Mandelbrot does not define himself primarily as an economist: he is, above all, a mathematician. Born in Poland, educated in France, a professor at Harvard in the 1960s and at Yale in the 1990s, with 30 years in between at IBM’s research center in Yorktown Heights, New York, the man is as unconventional as his career. In 1974, he became an instant celebrity with his theory of fractals—a fractal being “a rough or fragmented geometric shape that can be split into parts, each of which is (at least approximately) a reduced-size copy of the whole,” as he once defined it. On college campuses, T-shirts soon appeared adorned with fractal figures, which often appear in nature: think of snowflakes.

While most scientists try to understand and describe what is regular, repetitive, and hence predictable in nature, Mandelbrot mostly interests himself in the accidental, what he calls “monsters.” The fractal mathematics that he invented lets us see the hidden rules of apparent disorder, the order behind monstrous chaos. But can we deduce from the idea of fractals that any seemingly chaotic occurrence—like prices on the stock exchange—can be anticipated? Many financial economists think so and have tried to use mathematical formulas to master market volatility.

Mandelbrot dismisses these economists as hubristic and notes that all of their predictive theories have proved false. They commit two scientific errors, he says. First, they try to transport the theory of fractals into a field where it does not apply. (This is a common temptation—recall Marx, who tried to apply the laws of thermodynamics and Darwinian evolution to history and the social sciences.) Second, they do not start from the empirical data but instead build a curve first, assuming a logic behind volatility. When stock prices are shooting upward, these economists win media praise and even Nobel Prizes. When the market crashes, the same economists suddenly become less visible. It happens that one of them, Robert Merton, who shared a Nobel with Myron Scholes for a theory on predicting financial markets, lives in Mandelbrot’s apartment building. “We do not see him very often these days,” Mandelbrot says, tongue in cheek.

When one looks closely at financial-market data, as Mandelbrot has done throughout his life, unexplained accidents appear to be common—even the rule, so to speak. But if prices prove so erratic, there is no way for investors to become rich by incremental investments, Mandelbrot believes. Any portfolio can only follow the market, not beat it.

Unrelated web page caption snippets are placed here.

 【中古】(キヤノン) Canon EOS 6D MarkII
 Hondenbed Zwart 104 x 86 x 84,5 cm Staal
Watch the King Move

But some investors do make fortunes, right? “Yes, this is called ‘luck,’ ” answers Mandelbrot. As the financial market is prone to major accidents, one can strike it rich by being positioned luckily on the right side of the road. All major fortunes on the financial market have basically been made in a day, never on an incremental basis, he maintains. Soros comes to mind: in 1992, he earned $2 billion betting against the British pound. He got lucky and never did it again. Since that day, he has managed his fortune, and his faithful clients’ fortunes, by following the ups and downs of market volatility.

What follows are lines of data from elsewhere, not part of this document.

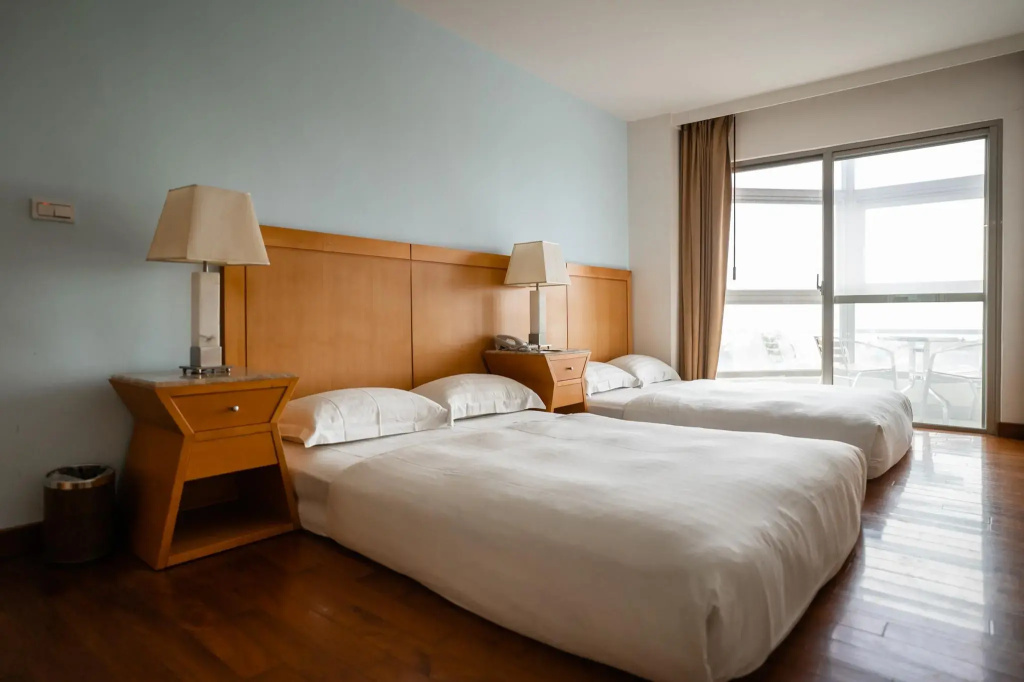 Hotel Ocean - Général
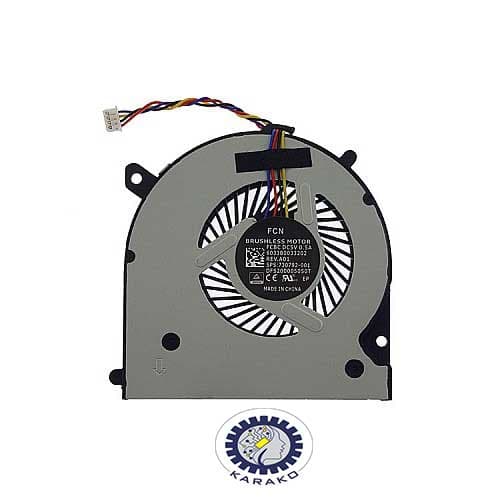 فن لپ تاپ HP 840 G1
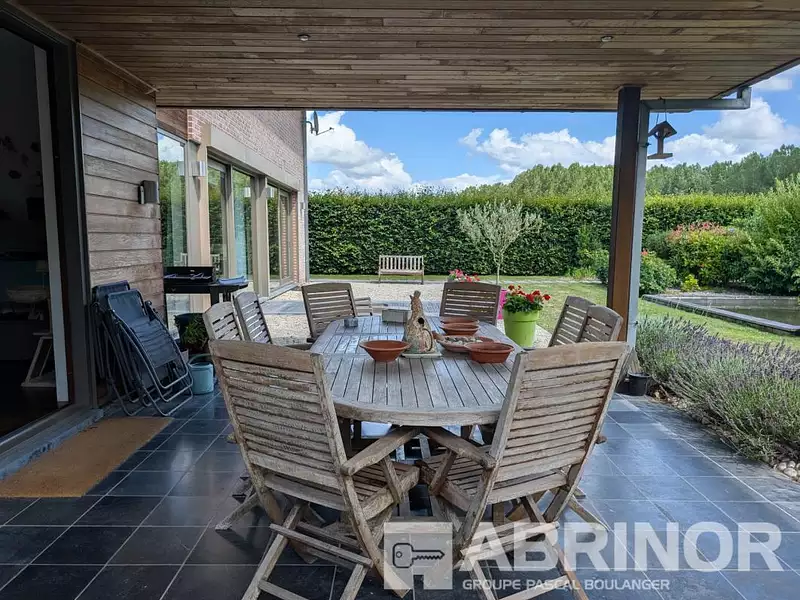 Maison, 218 m²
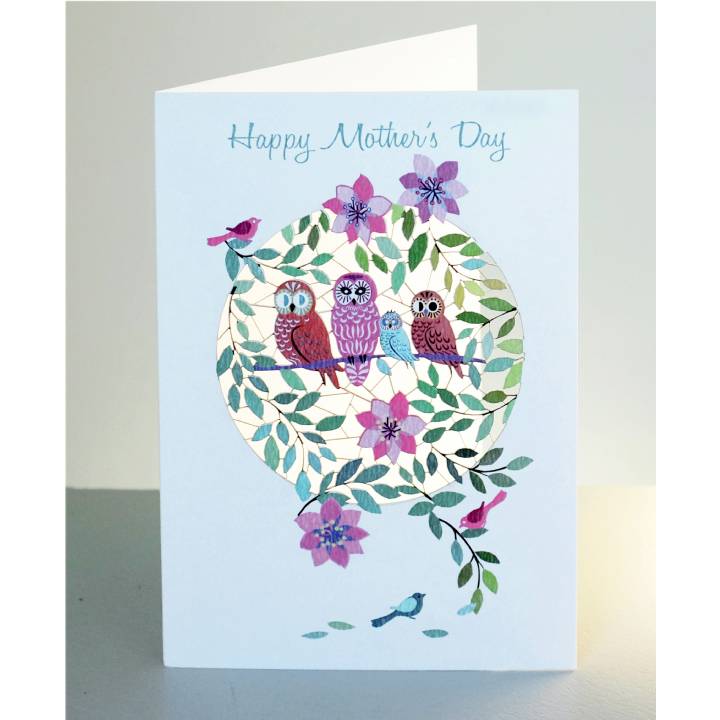 RPM903 Mother's Day Owls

Mandelbrot suggests no alternative approach to the theories that pretend to predict volatility. “My role as a scientist,” he says, “is to demonstrate that available theories are plainly wrong. This does not mean that in my own turn I will invent a substitute snake oil that will make you rich.” The financial market is inherently a dangerous place to be, he emphasizes. “By drawing your attention to the dangers, I will not make you rich, but I could help you avoid bankruptcy. I am a doomsday prophet—I promise more blood and tears than windfall profits.”

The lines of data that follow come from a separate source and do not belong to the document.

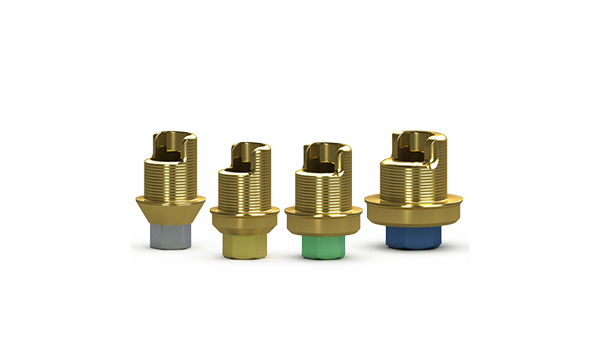 BioHorizons Prosthetics Titanium Base Abutments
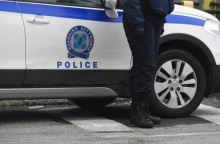 Περιπολικό της ΕΛ.ΑΣ.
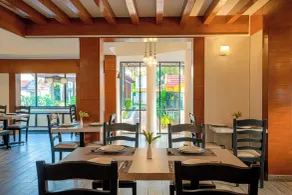 Country Inn Tarika, Goa, Varca Beach - Restaurant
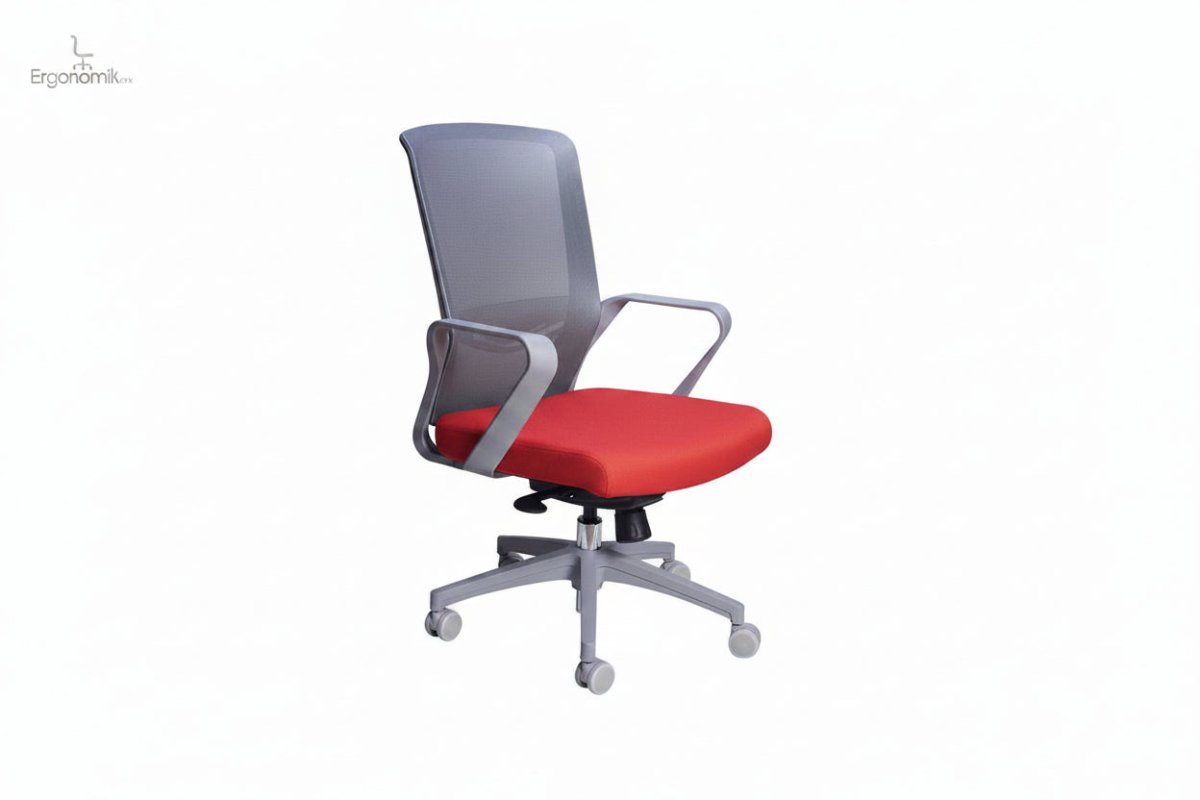 Silla Operativa Moa - Ergonomik silla ergonomica Klave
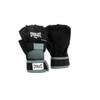 Everlast EverGel Hand Wraps (Black, Medium) view 1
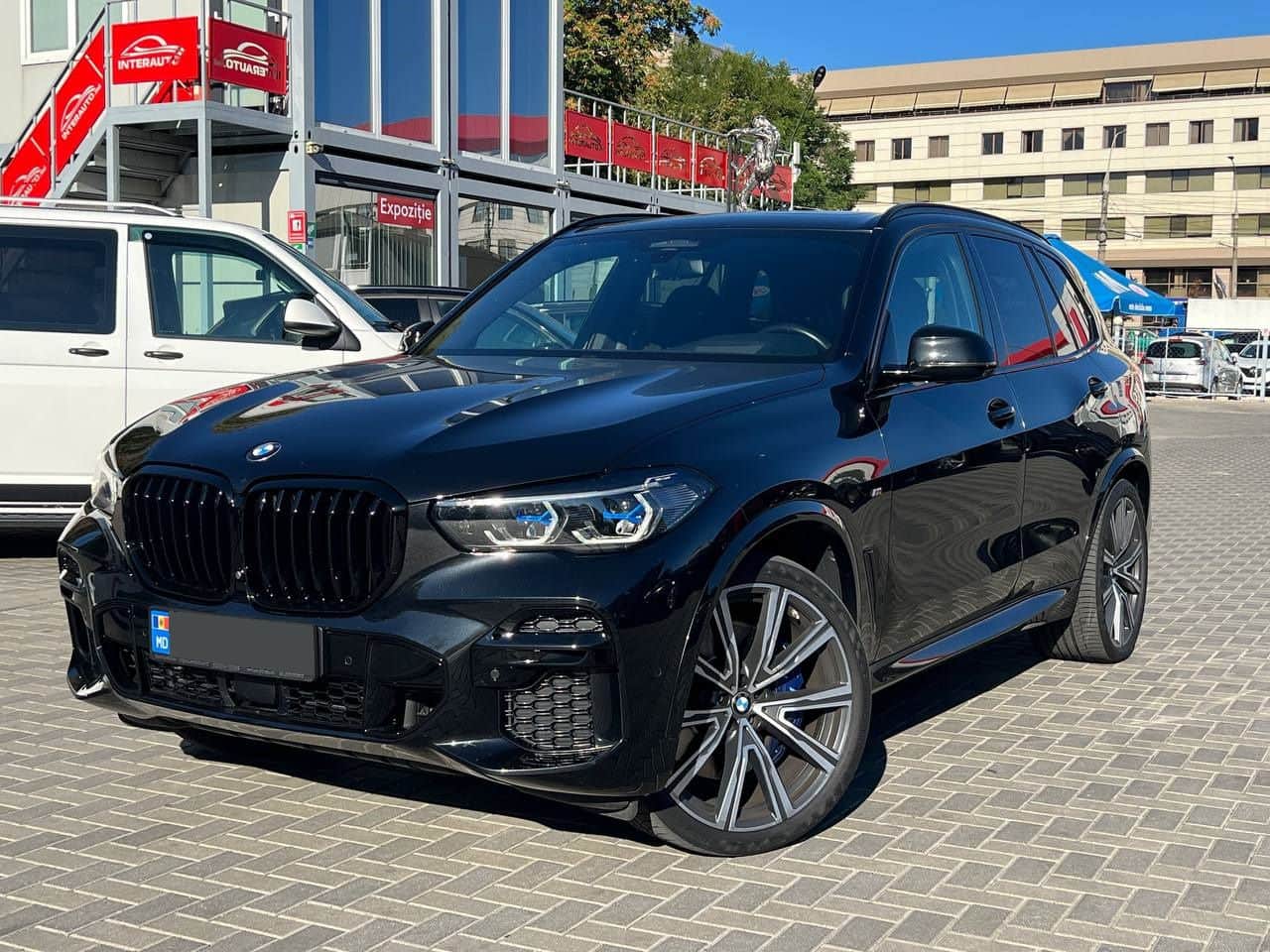 2022 BMW X5 5.0i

Both scientists and the public like to believe in what Mandelbrot calls “mild randomness,” in which ordinary laws of probability apply, as is the case with many phenomena in nature. This happens not to be the case with financial markets. History—as well as Mandelbrot’s own empirical research, beginning with a famous 1960s study of the unpredictability of cotton prices—shows that the law of the financial markets is instead “wild randomness,” and that no mathematical model will ever be able to tame it.